Le 21 juin 2025, comme chaque année depuis plus de quatre décennies, la planète vibrera au rythme de la Fête de la Musique. Ce rendez-vous mondial, né à Paris en 1982, dépasse désormais les frontières françaises pour s’imposer comme un cri universel de joie, de partage et de liberté sonore.
Une célébration née dans la rue
L’idée, simple mais révolutionnaire, fut lancée par Jack Lang, alors ministre de la Culture : permettre à tous, amateurs comme professionnels, de jouer librement dans l’espace public. Le 21 juin, jour du solstice d’été, la musique s’invitait dehors, gratuite, vivante, sans billet ni barrière.
Ce souffle libertaire a rapidement gagné les capitales du monde : Berlin, Dakar, Buenos Aires, Tokyo, New York, toutes célèbrent désormais cette symphonie collective.

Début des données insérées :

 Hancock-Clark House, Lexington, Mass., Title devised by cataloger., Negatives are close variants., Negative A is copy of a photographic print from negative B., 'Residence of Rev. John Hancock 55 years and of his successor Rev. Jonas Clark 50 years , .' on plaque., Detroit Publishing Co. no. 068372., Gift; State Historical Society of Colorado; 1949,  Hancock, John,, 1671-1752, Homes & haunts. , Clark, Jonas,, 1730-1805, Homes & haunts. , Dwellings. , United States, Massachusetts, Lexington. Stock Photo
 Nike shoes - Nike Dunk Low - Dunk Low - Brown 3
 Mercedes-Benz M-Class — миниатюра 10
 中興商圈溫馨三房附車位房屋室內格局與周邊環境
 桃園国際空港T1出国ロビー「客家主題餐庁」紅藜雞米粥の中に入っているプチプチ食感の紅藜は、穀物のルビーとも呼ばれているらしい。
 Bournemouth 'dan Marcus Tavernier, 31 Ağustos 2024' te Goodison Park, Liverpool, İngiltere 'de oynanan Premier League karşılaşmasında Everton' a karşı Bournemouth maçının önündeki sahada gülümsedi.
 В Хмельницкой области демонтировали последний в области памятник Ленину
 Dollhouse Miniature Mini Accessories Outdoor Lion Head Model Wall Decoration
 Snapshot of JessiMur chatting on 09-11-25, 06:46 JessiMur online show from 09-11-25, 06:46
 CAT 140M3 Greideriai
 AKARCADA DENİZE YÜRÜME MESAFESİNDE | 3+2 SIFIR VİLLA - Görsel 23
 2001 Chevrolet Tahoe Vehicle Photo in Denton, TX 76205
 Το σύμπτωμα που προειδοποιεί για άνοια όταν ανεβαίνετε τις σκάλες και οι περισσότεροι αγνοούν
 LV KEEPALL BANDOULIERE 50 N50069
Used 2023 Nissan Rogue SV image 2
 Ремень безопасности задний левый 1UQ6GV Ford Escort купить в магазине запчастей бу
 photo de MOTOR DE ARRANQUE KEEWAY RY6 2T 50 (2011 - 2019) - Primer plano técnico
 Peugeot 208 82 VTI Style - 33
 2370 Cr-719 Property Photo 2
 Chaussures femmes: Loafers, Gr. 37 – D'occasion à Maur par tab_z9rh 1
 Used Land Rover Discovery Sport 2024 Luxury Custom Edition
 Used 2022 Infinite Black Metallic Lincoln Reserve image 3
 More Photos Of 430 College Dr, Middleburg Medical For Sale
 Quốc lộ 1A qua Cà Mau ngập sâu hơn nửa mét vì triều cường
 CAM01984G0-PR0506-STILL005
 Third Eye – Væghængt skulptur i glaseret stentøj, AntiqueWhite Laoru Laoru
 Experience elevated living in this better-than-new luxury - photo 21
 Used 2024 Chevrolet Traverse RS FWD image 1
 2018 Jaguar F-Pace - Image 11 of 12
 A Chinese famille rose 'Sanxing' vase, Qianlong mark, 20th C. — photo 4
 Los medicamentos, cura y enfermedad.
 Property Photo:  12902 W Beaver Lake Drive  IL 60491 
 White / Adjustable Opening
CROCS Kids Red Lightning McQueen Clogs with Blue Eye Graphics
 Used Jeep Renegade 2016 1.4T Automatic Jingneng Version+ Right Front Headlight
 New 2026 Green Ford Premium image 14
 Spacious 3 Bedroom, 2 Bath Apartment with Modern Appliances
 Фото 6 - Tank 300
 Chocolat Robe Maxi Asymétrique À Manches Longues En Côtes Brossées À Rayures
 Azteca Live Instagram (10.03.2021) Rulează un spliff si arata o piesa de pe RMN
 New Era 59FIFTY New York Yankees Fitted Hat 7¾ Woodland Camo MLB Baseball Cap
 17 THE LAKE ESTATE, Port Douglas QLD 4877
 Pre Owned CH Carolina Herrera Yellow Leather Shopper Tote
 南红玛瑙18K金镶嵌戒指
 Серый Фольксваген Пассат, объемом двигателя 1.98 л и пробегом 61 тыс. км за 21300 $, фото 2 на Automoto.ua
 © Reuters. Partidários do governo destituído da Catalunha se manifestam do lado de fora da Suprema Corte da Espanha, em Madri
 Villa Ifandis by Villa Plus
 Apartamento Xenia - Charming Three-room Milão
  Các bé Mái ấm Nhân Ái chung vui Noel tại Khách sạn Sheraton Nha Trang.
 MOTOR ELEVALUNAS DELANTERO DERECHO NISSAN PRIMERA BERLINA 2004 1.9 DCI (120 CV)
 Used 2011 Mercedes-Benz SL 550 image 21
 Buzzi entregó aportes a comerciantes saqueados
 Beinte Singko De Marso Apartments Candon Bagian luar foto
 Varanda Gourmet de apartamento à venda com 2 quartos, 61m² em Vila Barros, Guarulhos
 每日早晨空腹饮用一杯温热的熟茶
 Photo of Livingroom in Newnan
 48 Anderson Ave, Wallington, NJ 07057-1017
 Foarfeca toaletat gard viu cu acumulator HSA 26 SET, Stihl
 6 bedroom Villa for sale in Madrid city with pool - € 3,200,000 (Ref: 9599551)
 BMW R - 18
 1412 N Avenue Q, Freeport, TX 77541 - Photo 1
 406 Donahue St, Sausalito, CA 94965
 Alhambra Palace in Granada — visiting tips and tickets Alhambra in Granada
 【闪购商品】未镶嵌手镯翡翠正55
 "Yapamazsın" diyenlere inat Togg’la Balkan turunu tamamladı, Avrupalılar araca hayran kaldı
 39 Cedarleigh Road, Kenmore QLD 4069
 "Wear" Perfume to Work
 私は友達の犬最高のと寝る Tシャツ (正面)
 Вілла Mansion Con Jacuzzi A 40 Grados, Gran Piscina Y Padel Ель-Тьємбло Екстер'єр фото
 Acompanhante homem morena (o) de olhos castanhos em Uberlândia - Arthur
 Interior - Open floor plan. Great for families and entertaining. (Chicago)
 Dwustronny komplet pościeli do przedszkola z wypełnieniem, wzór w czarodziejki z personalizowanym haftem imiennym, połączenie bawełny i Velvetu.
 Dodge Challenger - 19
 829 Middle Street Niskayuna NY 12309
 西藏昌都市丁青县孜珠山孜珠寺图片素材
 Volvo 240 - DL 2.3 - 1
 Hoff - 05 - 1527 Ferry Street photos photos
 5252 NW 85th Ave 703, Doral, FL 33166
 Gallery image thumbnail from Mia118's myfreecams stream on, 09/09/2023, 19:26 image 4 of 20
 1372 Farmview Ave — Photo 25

Une fête mondiale, un langage commun
En 2025, plus de 120 pays et 700 villes participent à cette édition placée sous le signe de la diversité musicale. Des concerts de rue à Bamako, des chorales en plein air à Montréal, des raves organisées à Londres ou des fanfares en Colombie : les scènes se multiplient, improvisées ou officielles.
Sur tous les continents, la formule reste inchangée : pas de cachet, pas de ticket, juste de la musique pour tous. La fête se nourrit de la spontanéité des musiciens et de l’enthousiasme des passants.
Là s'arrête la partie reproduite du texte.